Graph Management in PGX

Graph Loading

In order to perform graph analysis with PGX, the user must first read a graph into PGX. The following method in PgxSession can be used to load graphs into memory as well as their blocking variants:

# The following method in PgxSession can be used to load graphs into memory
# as well as their blocking variants
graph = session.read_graph_with_properties(
    self.graph_path,
    max_age=9223372036854775807,
    max_age_time_unit='days',
    block_if_full=False,
    update_if_not_fresh=True,
    graph_name="my_graph"
)

The first argument (path to a graph config file or a parsed config object) is the meta-data of the graph to be read. The meta-data includes the following information:

Location of the graph data: file location and name, DB location and connection information, etc

Format of the graph data: plain text formats, XML-based formats, Binary formats, etc

Types and Names of the properties to be loaded

The update_if_not_fresh and max_age arguments can be used to fine-control the age of the snapshot to be read. PGX will return an existing graph snapshot if the given graph specification was already loaded into memory by a different session. So, the max_age argument becomes important if reading from a database in which the data might change frequently. If no update_if_not_fresh or max_age is specified, PGX will favor cached data over reading new snapshots into memory.

Graph Names

Graph names are part of a session-private namespace unless explicitly shared via the publish_with_snapshots() or the publish() methods; at that point, the published graph name moves into the public namespace, that any session can see. Names are unique within a given namespace and methods will throw an exception in case of name clashes.

Graph Publishing

The publish() methods in PgxGraph can be used to publish the current selected snapshot of the graph. If you want to make all snapshots of the graph visible to other sessions, use the publish_with_snapshots() methods instead.

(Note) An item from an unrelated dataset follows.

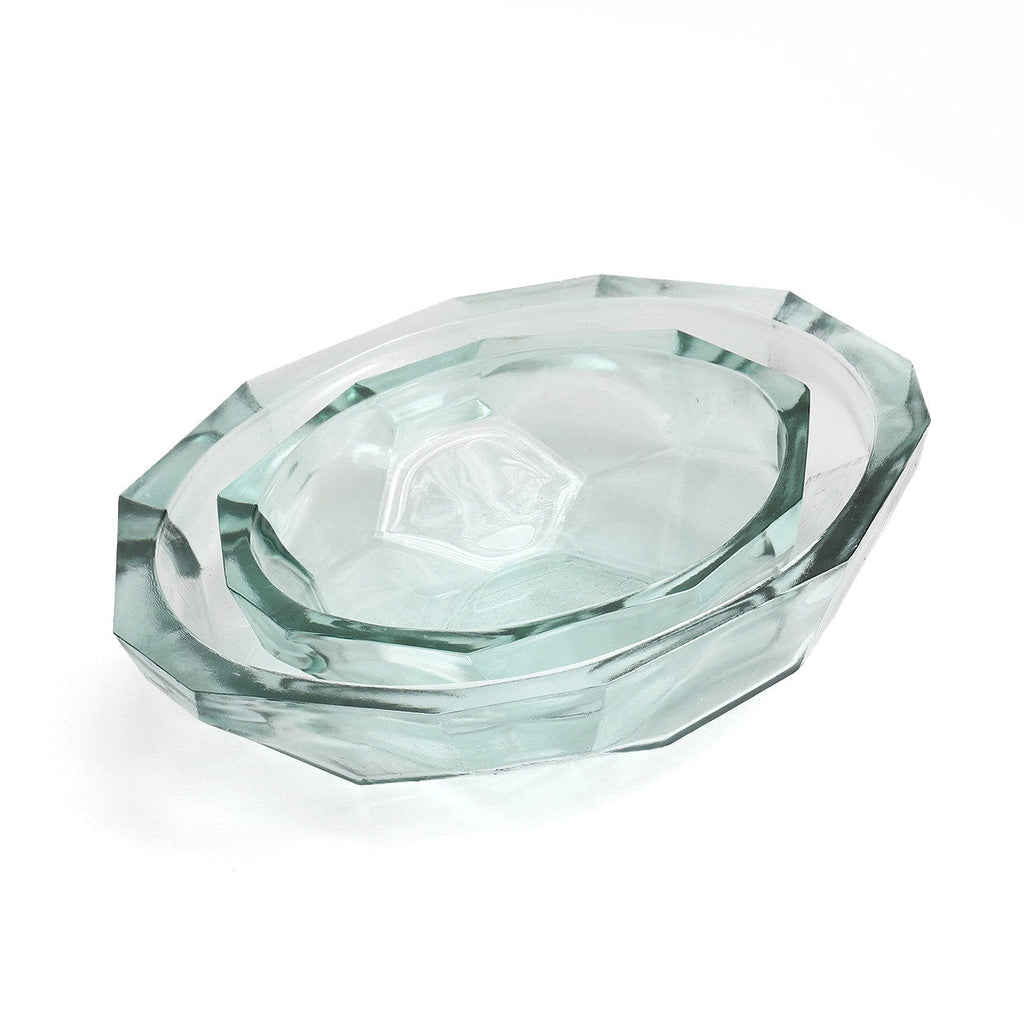 Bazar Bizar Plat de service En Verre Recyclé Origami Bowl Bleu Ø34 x H9 cm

graph.publish(vertex_properties=True, edge_properties=True)

You can publish specific properties using PgxProperty methods. Publishing properties requires the corresponding graph to be already published.

# You can publish specific properties using PgxProperty methods.
height = graph.create_edge_property('integer', 'height')
height.publish()

Checking if Graphs or Properties are Published

Both PgxGraph and PgxProperty offer these methods:

# Check if graph or properties are published
graph.is_published

You can also check whether a graph has been published with ist snapshots in a similar way:

# Check if graph has been published with its snapshots
graph.is_published_with_snapshots

Reading Loaded or Published Graphs

To check which graphs are currently loaded or published in a session you can use the following API method from PgxSession:

# Check which graphs are currently loaded or published in a session
session.get_graphs(NAMESPACE_PUBLIC)

The returned list contains the graph names in the given namespace. It is also possible to reference one loaded/published graph with PgxSession methods:

# It is also possible to reference one loaded/published graph with PgxSession methods
session.get_graph('pgql_lang_test_graph_with_labels')
session.get_graph('sample_vertices.csv')

Providing None for the namespace parameter or calling the get_graph() methods that don’t have a Namespace parameter will look for a graph with the given name in both the private and public namespace. If a graph with the given name is found in both namespaces, the graph found in the private namespace is returned.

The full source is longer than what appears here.